> _What you have to do_
Give again, word for word, every line below from the one that has "New 2025 Ford" through the one that has "VioletandVin", both included, and no others.

> _Data_
****************************************

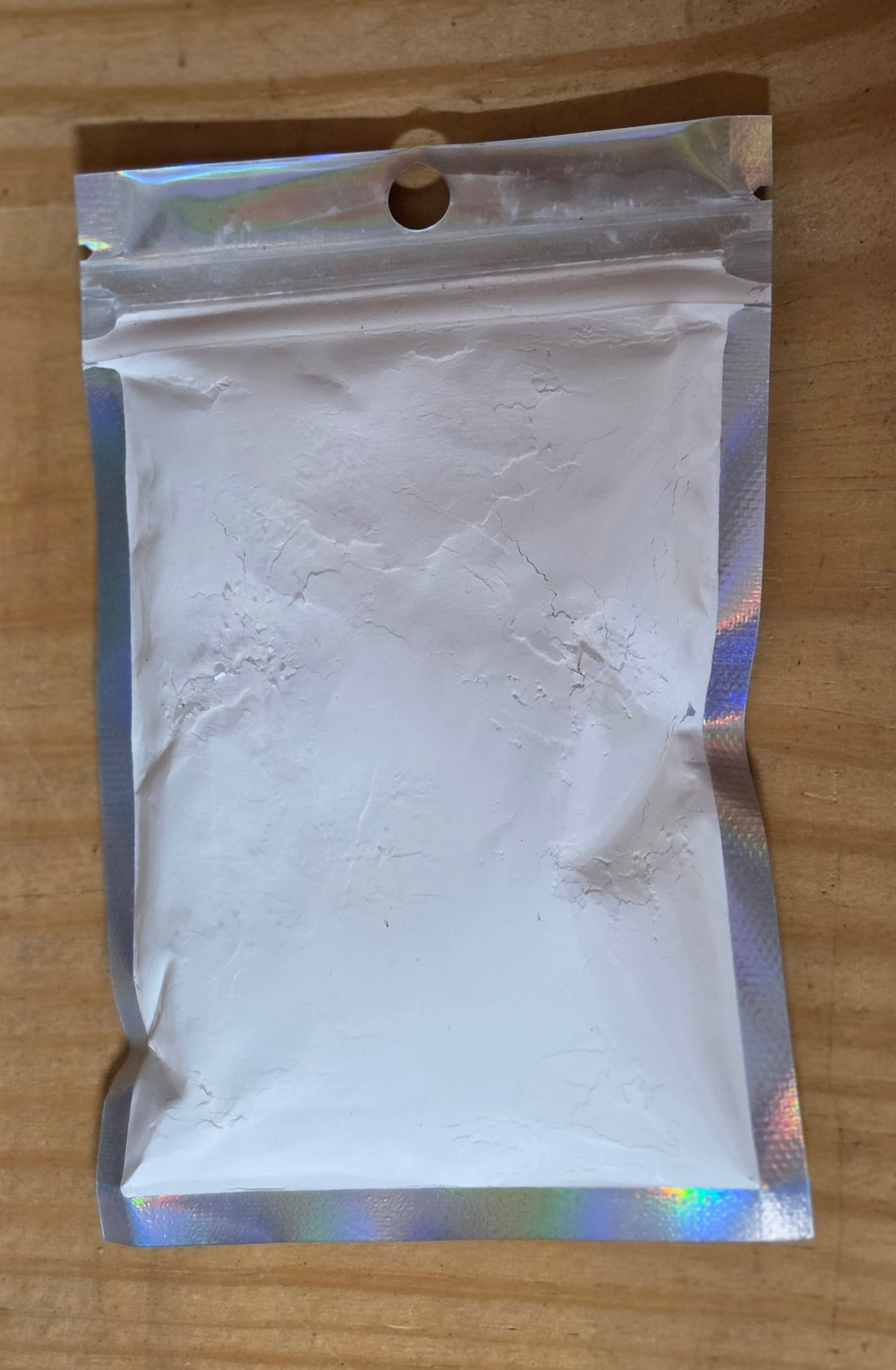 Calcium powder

****************************************

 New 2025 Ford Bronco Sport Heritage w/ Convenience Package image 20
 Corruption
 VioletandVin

****************************************

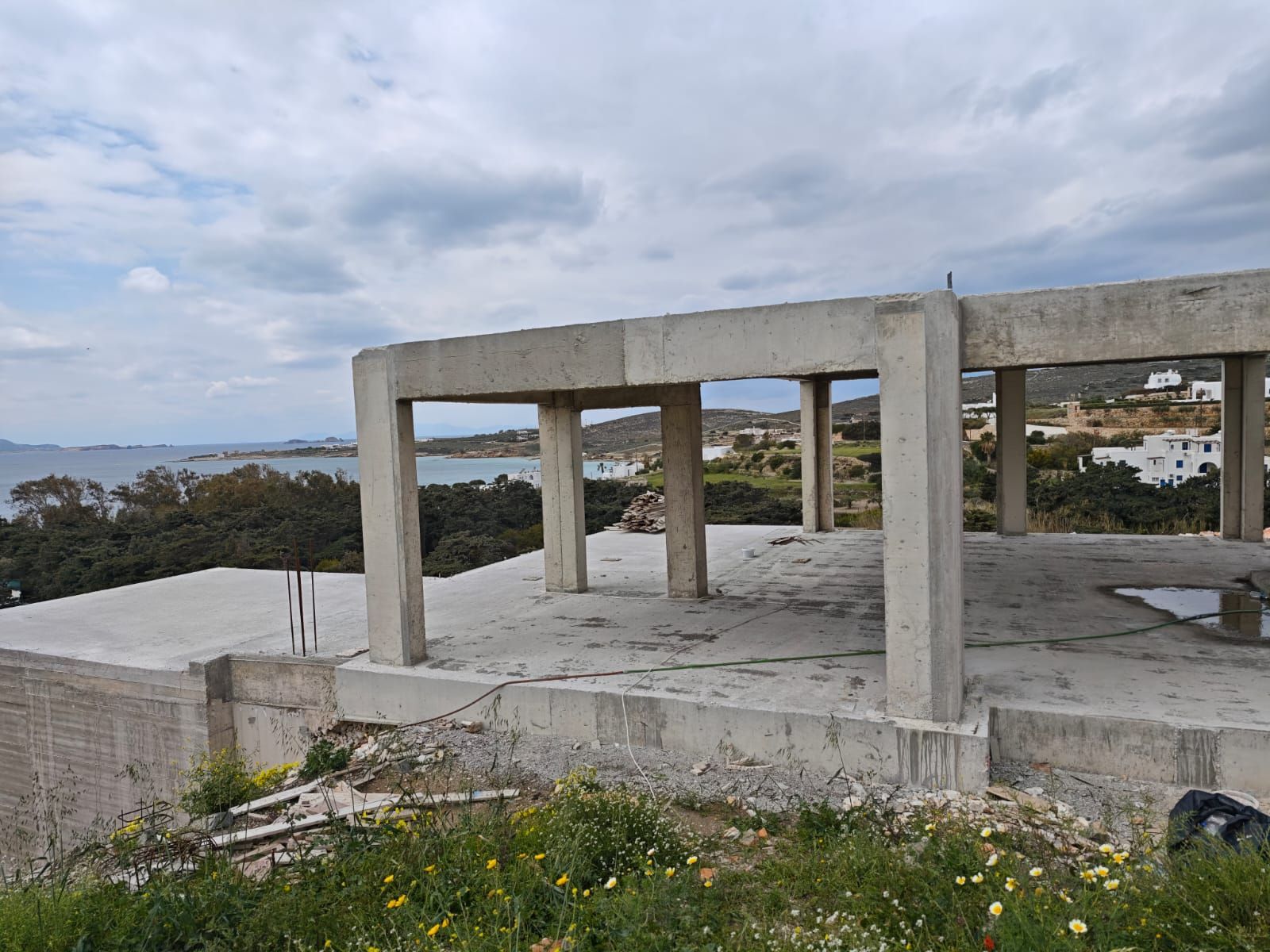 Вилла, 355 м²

****************************************

> _Result below_
 New 2025 Ford Bronco Sport Heritage w/ Convenience Package image 20
 Corruption
 VioletandVin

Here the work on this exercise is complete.